Problem requirements: The lines to be set down run from the line containing "PRASCO VG0544336 Indicatore..." through the final line of the data below; print them exactly and print nothing else.

Collection entries:

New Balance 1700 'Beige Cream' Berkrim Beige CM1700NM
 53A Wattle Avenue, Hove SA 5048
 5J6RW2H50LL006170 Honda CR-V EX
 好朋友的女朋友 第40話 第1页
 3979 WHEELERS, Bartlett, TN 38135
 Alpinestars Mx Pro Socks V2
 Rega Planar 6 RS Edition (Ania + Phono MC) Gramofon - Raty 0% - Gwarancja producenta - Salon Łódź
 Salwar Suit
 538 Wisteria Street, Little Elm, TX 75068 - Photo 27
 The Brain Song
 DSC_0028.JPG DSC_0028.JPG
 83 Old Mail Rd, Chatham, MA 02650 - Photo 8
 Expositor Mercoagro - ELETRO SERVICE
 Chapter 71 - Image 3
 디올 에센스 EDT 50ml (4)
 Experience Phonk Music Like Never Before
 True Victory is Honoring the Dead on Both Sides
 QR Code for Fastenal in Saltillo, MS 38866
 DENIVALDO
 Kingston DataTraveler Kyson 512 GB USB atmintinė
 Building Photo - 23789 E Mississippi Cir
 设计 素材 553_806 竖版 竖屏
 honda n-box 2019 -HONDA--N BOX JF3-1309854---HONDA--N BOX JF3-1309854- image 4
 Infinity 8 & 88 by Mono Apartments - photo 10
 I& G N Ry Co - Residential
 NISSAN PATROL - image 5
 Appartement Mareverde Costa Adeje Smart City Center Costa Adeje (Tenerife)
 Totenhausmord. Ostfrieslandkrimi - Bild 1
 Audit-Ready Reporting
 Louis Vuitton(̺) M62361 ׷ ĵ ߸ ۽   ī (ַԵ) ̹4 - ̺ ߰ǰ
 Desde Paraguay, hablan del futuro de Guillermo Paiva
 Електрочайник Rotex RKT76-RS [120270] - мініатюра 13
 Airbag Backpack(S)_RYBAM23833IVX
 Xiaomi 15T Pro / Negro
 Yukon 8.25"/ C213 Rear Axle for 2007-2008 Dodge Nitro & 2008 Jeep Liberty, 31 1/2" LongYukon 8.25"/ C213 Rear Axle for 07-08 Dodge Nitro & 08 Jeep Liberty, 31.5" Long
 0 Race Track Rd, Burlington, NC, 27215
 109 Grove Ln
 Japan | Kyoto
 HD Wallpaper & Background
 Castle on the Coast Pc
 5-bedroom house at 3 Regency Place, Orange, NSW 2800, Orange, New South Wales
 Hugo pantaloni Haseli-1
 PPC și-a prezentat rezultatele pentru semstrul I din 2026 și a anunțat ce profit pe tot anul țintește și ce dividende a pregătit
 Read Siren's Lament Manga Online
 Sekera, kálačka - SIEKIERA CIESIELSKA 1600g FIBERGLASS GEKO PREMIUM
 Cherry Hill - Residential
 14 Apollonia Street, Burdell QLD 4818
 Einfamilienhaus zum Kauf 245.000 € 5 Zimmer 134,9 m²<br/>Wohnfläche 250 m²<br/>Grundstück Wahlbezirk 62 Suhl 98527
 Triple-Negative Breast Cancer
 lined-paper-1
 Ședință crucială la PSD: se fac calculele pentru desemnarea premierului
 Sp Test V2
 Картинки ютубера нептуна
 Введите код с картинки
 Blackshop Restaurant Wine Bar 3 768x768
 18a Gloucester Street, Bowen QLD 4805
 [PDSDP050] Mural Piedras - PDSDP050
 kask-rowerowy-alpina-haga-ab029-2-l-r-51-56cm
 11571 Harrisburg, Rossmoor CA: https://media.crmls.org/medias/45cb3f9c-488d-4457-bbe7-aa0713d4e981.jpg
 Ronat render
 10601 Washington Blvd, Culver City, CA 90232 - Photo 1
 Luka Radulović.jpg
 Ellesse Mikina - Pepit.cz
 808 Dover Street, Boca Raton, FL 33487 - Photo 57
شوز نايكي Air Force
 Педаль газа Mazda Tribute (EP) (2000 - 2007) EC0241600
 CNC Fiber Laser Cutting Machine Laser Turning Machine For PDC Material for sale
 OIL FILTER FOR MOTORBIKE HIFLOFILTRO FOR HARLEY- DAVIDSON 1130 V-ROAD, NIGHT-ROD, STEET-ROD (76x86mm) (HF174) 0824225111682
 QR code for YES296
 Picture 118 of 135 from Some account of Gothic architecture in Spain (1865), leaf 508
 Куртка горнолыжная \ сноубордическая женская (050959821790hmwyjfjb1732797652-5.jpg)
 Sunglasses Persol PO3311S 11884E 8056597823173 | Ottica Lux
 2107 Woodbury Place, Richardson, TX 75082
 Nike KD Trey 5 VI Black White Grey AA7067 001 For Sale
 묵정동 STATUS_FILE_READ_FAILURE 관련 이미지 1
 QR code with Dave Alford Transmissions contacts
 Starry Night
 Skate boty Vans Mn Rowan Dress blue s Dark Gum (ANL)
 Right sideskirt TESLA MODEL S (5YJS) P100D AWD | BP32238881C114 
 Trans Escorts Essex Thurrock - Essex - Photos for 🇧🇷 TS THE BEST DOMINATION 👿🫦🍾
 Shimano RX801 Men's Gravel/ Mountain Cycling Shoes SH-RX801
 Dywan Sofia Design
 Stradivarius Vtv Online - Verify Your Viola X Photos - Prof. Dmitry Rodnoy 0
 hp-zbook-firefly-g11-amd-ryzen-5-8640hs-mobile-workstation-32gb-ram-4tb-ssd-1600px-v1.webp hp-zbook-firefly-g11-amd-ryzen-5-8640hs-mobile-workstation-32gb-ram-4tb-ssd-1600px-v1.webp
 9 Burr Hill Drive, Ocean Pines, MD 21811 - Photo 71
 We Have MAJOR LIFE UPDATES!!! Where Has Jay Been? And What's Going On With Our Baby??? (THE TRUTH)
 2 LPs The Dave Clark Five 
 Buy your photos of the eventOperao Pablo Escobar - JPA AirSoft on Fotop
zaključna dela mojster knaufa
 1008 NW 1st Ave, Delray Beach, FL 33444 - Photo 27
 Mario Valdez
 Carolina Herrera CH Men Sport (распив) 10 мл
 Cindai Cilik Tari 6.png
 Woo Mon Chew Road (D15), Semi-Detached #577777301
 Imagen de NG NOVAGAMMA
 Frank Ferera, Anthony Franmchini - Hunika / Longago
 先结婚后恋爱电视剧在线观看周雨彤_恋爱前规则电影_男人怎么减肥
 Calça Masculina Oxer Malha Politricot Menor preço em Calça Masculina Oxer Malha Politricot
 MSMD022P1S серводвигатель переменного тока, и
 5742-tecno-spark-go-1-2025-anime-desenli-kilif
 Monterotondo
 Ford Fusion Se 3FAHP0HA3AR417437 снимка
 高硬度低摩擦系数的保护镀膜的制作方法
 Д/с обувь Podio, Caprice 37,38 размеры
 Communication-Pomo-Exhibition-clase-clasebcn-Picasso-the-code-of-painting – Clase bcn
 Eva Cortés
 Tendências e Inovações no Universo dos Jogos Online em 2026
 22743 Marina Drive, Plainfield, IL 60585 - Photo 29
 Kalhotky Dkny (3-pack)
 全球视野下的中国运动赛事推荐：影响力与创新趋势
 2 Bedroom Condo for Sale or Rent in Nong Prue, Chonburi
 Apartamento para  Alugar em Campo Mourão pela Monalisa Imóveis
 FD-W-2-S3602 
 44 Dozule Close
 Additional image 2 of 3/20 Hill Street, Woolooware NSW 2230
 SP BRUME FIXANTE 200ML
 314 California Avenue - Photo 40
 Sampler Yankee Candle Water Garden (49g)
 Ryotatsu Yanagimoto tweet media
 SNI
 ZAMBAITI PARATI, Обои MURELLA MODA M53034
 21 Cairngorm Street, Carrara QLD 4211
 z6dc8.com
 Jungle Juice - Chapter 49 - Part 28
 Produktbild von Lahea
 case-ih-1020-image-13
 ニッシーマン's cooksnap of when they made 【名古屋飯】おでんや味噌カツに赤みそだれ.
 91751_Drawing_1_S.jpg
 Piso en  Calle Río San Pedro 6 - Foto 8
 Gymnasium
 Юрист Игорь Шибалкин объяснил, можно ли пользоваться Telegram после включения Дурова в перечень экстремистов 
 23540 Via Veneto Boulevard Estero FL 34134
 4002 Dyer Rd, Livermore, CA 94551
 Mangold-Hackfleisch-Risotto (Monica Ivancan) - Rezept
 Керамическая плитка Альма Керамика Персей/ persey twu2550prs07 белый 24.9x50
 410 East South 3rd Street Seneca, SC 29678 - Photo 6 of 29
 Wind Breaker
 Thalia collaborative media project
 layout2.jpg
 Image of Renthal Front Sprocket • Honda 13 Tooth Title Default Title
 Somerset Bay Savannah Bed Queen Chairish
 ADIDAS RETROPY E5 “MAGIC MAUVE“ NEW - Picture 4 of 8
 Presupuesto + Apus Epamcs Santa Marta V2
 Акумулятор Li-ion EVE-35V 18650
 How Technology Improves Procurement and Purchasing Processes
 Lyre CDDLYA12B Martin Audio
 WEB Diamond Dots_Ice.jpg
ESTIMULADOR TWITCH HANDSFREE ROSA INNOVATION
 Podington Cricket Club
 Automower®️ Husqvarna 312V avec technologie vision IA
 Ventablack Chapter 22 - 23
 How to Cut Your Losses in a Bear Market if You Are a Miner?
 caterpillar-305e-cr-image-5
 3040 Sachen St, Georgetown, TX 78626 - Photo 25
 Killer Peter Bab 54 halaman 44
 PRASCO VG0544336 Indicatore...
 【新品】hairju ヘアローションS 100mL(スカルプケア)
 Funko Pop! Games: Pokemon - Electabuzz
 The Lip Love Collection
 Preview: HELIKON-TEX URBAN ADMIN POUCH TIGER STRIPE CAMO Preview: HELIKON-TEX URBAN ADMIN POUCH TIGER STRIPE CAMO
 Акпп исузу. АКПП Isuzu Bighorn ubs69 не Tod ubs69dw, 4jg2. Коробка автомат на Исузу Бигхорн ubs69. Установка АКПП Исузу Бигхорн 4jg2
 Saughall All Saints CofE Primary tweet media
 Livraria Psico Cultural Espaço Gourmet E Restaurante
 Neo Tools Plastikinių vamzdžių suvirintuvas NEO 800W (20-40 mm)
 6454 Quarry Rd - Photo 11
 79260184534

Output:
 PRASCO VG0544336 Indicatore...
 【新品】hairju ヘアローションS 100mL(スカルプケア)
 Funko Pop! Games: Pokemon - Electabuzz
 The Lip Love Collection
 Preview: HELIKON-TEX URBAN ADMIN POUCH TIGER STRIPE CAMO Preview: HELIKON-TEX URBAN ADMIN POUCH TIGER STRIPE CAMO
 Акпп исузу. АКПП Isuzu Bighorn ubs69 не Tod ubs69dw, 4jg2. Коробка автомат на Исузу Бигхорн ubs69. Установка АКПП Исузу Бигхорн 4jg2
 Saughall All Saints CofE Primary tweet media
 Livraria Psico Cultural Espaço Gourmet E Restaurante
 Neo Tools Plastikinių vamzdžių suvirintuvas NEO 800W (20-40 mm)
 6454 Quarry Rd - Photo 11
 79260184534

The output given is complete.